Meditation should be perceived as a tool to achieve some goal. We don't meditate to be good at meditation, rather, we use it because we want some results.
Buddhist practice is based on three pillars - Right View, Meditation and Action. We need to know some Buddha's teachings, we need to meditate and finally, we need to apply the results of the practice into our daily life. What is the point of meditating for hours if straight after the session we harm our friends by our inconsiderate behaviour?
It is always good to ask or remind ourselves why we meditate. If we want peace of mind, we keep checking whether we are able to remain calm in stressful situations. If we want to get rid of our ego - we check how we react when people offend or criticize us.
Personally, I never did a regular breathing practice on its own. I met Mahayana/Vajrayana masters and got attracted to the possibility of realising our Buddha Nature by applying certain methods. So I use those methods to realise my full potential in order to help other beings (Bodhisattva vow). In everyday life I keep checking (among others) whether I remain stable and joyful in difficult situations and whether I can feel compassion to all the beings no matter what they do.
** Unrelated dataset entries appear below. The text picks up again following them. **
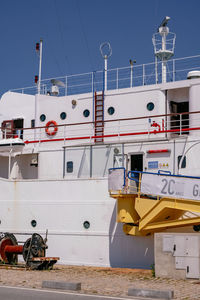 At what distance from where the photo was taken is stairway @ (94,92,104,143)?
66.1 ft

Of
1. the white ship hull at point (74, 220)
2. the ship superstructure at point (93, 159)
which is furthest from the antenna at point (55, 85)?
the white ship hull at point (74, 220)

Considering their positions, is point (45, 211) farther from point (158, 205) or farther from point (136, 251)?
point (158, 205)

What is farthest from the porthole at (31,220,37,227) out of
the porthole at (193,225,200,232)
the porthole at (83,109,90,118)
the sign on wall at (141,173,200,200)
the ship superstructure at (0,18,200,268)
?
the porthole at (193,225,200,232)

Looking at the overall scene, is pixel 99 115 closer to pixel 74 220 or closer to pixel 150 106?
pixel 150 106

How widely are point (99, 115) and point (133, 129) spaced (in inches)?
73.6

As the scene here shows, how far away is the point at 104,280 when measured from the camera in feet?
42.7

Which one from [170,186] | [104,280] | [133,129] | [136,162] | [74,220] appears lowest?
[104,280]

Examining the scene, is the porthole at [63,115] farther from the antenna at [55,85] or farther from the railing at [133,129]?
the antenna at [55,85]

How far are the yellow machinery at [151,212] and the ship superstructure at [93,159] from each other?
90cm

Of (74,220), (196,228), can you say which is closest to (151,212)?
(196,228)

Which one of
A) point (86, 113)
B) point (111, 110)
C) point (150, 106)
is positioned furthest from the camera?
point (86, 113)

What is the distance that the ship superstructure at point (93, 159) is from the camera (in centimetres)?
1661

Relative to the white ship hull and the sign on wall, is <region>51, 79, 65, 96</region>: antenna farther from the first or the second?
the sign on wall

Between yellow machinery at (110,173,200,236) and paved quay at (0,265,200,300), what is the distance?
59.2 inches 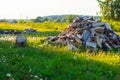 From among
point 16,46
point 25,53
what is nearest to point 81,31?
point 16,46

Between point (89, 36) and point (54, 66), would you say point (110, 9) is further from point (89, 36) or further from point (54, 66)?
point (54, 66)

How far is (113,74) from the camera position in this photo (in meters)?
14.3

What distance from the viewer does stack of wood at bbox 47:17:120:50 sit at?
72.3ft

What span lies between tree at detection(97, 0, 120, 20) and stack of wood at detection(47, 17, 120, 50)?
5636 cm

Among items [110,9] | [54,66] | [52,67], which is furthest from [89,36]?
[110,9]

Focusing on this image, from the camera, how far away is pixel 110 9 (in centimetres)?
8150

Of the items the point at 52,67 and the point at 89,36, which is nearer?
the point at 52,67

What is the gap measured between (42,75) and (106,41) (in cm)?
1043

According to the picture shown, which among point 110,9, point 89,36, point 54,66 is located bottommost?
point 110,9

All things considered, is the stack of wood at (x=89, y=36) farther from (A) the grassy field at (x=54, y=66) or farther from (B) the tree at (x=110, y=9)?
(B) the tree at (x=110, y=9)

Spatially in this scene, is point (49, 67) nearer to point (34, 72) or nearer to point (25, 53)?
point (34, 72)

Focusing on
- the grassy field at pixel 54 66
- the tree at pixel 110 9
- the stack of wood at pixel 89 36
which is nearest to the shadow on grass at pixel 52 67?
the grassy field at pixel 54 66

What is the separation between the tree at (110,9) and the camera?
80875 millimetres

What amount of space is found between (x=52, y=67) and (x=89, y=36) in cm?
897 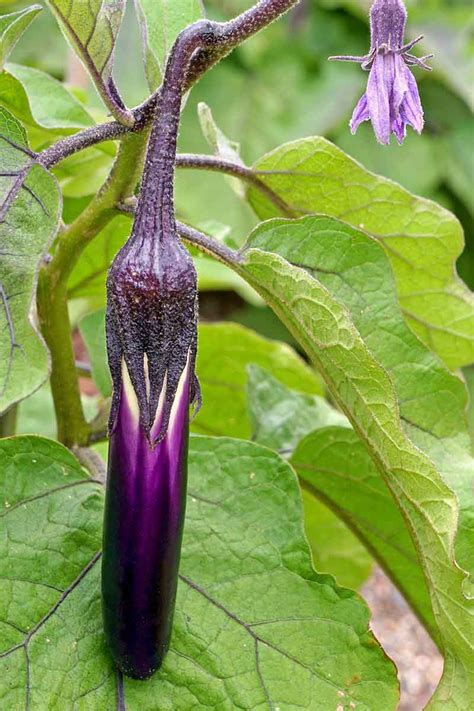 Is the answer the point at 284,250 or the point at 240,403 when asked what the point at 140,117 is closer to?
the point at 284,250

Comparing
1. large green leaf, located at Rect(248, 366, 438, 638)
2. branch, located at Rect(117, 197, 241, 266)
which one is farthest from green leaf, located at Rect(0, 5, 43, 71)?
large green leaf, located at Rect(248, 366, 438, 638)

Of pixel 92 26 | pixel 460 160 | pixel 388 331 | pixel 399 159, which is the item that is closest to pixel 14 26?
pixel 92 26

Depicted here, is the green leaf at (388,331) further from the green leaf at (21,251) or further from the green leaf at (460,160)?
the green leaf at (460,160)

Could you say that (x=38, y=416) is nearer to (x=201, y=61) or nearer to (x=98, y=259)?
(x=98, y=259)

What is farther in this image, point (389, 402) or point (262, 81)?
point (262, 81)

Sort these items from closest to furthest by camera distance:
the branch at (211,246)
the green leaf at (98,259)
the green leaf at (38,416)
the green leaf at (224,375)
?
the branch at (211,246) < the green leaf at (98,259) < the green leaf at (224,375) < the green leaf at (38,416)

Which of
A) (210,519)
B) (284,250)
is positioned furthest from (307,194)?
(210,519)

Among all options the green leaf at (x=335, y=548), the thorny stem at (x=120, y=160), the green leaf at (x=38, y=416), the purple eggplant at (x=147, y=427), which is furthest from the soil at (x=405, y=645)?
the purple eggplant at (x=147, y=427) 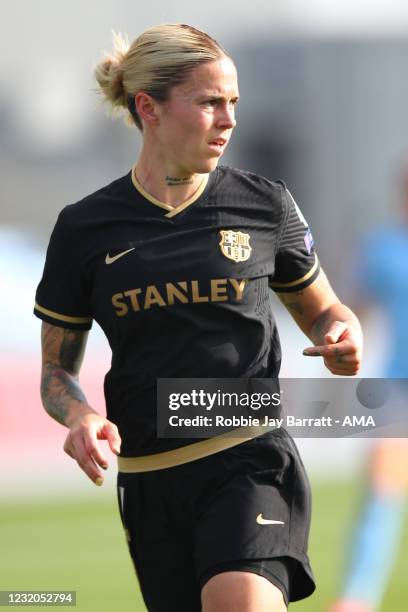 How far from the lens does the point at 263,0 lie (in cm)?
3769

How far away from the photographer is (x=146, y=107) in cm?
497

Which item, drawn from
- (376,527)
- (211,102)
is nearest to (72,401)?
(211,102)

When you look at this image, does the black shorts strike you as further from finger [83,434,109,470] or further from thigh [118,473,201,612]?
finger [83,434,109,470]

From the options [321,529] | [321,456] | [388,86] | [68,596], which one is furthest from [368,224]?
[68,596]

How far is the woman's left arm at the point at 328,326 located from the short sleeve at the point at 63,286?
65 centimetres

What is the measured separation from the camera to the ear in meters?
4.94

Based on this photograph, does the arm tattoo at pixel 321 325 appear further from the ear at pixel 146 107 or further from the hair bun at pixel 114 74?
the hair bun at pixel 114 74

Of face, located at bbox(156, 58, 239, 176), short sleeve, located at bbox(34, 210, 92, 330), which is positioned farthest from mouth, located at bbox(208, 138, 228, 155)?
short sleeve, located at bbox(34, 210, 92, 330)

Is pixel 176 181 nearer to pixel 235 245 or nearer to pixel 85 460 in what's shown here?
pixel 235 245

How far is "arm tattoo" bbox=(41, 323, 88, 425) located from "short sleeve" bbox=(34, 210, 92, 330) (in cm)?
4

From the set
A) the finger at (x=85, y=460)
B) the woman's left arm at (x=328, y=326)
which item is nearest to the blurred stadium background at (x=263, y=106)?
the woman's left arm at (x=328, y=326)

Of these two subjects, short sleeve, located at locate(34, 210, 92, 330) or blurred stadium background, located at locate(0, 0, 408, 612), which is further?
blurred stadium background, located at locate(0, 0, 408, 612)

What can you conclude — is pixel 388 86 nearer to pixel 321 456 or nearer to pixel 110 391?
pixel 321 456

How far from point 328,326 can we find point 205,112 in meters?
0.77
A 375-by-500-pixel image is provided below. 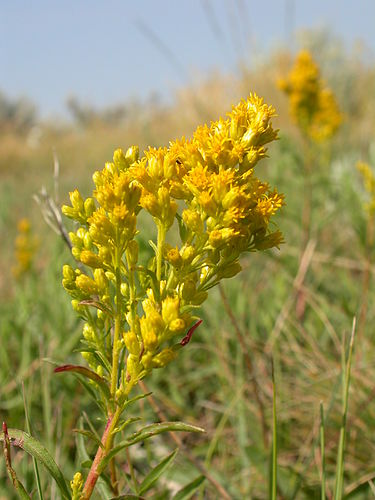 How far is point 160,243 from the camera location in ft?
3.04

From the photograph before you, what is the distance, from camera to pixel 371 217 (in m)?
2.53

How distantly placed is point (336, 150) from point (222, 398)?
5.00 metres

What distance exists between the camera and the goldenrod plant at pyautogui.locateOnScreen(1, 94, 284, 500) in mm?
879

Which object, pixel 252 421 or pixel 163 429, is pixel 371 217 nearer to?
pixel 252 421

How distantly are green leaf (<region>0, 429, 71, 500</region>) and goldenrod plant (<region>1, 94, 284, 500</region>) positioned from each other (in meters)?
0.02

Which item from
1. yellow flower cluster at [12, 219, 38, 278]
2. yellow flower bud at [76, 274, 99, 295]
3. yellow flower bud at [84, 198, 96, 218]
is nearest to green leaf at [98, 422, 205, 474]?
yellow flower bud at [76, 274, 99, 295]

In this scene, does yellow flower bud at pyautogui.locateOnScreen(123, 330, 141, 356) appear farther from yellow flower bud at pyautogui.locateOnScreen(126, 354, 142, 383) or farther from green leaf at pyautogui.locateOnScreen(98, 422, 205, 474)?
green leaf at pyautogui.locateOnScreen(98, 422, 205, 474)

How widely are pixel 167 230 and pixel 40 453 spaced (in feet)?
1.34

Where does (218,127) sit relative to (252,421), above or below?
above

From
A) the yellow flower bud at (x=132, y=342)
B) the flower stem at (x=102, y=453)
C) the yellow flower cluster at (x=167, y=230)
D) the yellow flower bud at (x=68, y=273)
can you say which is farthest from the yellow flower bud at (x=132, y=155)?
the flower stem at (x=102, y=453)

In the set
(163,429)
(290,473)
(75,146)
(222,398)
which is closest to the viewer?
(163,429)

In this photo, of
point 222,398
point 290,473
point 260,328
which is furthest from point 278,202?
point 260,328

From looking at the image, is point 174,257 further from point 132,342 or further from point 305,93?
point 305,93

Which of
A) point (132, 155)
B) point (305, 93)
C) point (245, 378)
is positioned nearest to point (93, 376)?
point (132, 155) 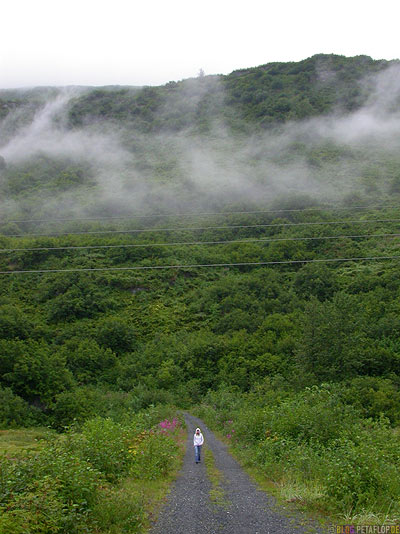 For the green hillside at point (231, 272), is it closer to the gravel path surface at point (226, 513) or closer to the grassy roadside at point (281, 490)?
the grassy roadside at point (281, 490)

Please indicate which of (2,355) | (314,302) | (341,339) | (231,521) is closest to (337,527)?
(231,521)

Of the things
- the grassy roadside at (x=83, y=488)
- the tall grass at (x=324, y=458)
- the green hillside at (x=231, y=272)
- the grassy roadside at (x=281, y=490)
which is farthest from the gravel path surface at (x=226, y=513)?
the green hillside at (x=231, y=272)

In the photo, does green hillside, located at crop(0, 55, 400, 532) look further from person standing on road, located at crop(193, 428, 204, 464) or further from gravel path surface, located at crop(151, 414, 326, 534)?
person standing on road, located at crop(193, 428, 204, 464)

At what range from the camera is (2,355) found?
37.0 meters

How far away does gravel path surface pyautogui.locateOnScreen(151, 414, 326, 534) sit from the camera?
27.0ft

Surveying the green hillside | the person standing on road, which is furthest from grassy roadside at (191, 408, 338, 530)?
the person standing on road

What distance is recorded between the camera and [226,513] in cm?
917

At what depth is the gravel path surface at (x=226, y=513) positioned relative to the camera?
822 cm

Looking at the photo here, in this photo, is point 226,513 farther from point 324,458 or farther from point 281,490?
point 324,458

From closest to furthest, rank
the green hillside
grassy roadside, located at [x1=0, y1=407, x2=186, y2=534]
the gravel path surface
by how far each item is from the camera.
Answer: grassy roadside, located at [x1=0, y1=407, x2=186, y2=534] → the gravel path surface → the green hillside

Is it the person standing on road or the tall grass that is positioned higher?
the tall grass

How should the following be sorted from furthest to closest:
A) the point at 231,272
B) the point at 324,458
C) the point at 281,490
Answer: the point at 231,272
the point at 324,458
the point at 281,490

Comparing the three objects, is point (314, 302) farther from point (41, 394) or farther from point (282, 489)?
point (282, 489)

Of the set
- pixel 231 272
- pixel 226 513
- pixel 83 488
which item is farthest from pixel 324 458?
pixel 231 272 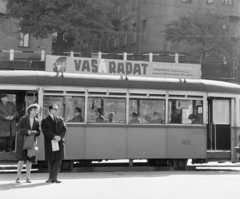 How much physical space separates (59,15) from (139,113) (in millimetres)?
24409

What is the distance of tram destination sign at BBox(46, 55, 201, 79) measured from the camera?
15.9 meters

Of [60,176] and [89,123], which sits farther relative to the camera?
[89,123]

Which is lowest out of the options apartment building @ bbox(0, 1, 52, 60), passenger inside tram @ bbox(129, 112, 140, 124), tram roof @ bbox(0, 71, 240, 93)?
passenger inside tram @ bbox(129, 112, 140, 124)

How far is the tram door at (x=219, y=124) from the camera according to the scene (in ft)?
55.5

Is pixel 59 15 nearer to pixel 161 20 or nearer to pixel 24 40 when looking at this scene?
pixel 24 40

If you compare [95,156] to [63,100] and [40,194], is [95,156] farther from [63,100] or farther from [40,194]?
[40,194]

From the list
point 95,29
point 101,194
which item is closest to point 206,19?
point 95,29

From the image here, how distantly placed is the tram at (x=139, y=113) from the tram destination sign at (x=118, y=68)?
377mm

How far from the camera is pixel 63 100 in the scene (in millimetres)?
15258

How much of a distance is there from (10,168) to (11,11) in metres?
25.2

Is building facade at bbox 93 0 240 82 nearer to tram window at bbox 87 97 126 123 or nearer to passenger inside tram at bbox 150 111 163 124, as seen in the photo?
passenger inside tram at bbox 150 111 163 124

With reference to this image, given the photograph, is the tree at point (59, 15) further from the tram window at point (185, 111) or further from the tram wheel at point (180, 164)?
the tram wheel at point (180, 164)

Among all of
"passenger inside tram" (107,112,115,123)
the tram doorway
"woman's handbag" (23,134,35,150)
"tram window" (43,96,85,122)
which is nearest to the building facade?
"passenger inside tram" (107,112,115,123)

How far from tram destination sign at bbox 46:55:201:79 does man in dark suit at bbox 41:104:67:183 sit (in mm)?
4096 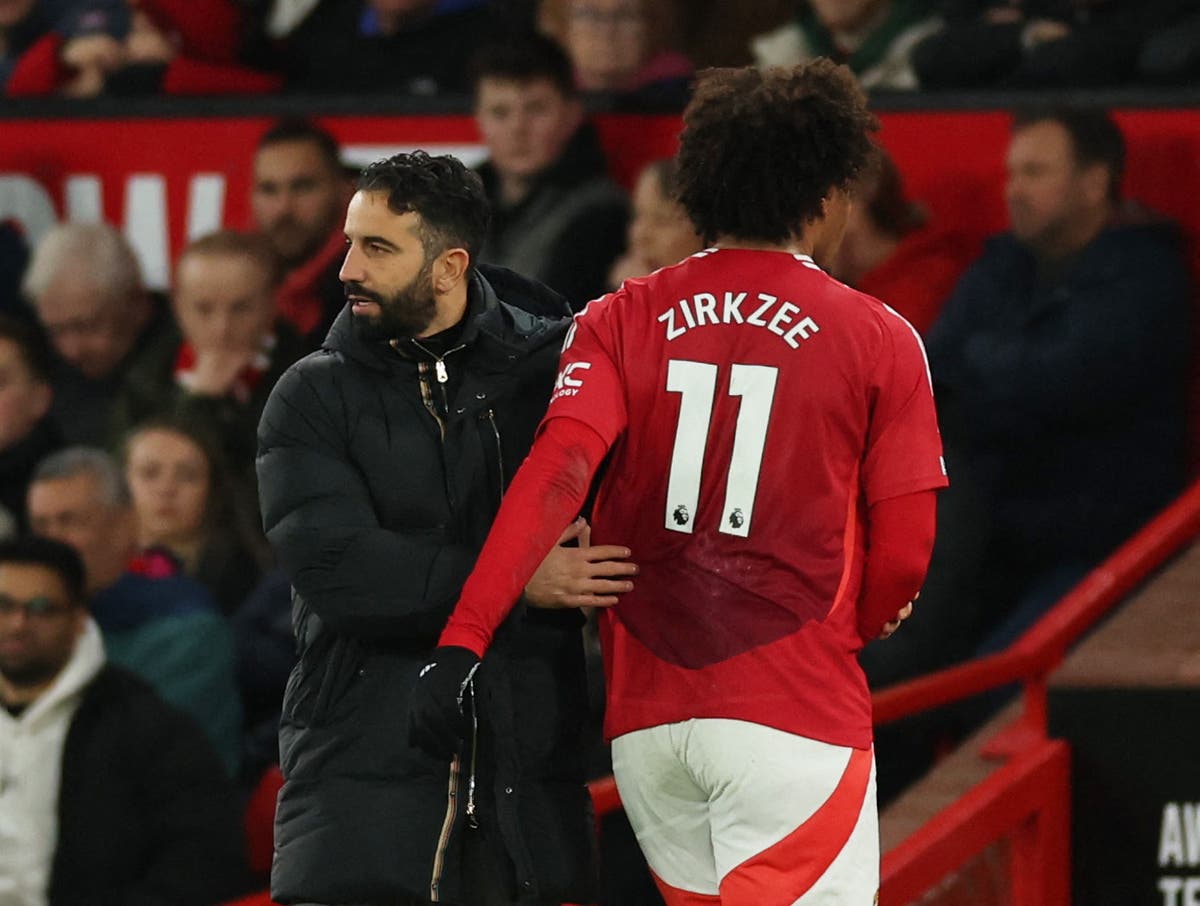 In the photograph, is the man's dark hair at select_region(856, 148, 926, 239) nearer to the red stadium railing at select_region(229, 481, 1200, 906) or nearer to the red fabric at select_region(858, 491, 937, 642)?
the red stadium railing at select_region(229, 481, 1200, 906)

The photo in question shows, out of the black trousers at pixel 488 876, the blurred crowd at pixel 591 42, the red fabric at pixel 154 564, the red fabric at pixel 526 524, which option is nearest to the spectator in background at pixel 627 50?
the blurred crowd at pixel 591 42

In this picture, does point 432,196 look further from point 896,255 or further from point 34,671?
point 896,255

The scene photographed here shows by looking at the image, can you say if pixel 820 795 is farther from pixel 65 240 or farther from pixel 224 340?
pixel 65 240

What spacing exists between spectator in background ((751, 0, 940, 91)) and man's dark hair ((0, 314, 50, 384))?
2239 mm

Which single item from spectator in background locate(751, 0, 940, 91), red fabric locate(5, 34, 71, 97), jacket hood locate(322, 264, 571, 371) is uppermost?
red fabric locate(5, 34, 71, 97)

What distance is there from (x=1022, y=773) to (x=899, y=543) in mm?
1842

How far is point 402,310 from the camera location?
9.68ft

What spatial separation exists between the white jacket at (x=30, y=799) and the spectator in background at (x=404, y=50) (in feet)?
9.09

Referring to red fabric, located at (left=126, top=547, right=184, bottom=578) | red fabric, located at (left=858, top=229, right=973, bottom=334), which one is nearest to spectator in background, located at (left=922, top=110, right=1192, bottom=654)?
red fabric, located at (left=858, top=229, right=973, bottom=334)

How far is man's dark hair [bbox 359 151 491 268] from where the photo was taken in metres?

Some may say that the next stage after Breathing meditation is insight meditation (Vipassana). However, before starting a new practice, you should very honestly check your motivation and goals - what exactly do you want to realise? Also make sure the new practice can indeed bring you closer to your goals. In general, keep checking whether your current meditation practice brings some positive changes into your everyday life and if you feel that there is something more you want to realise - try to find a new practice that will help you achieve that.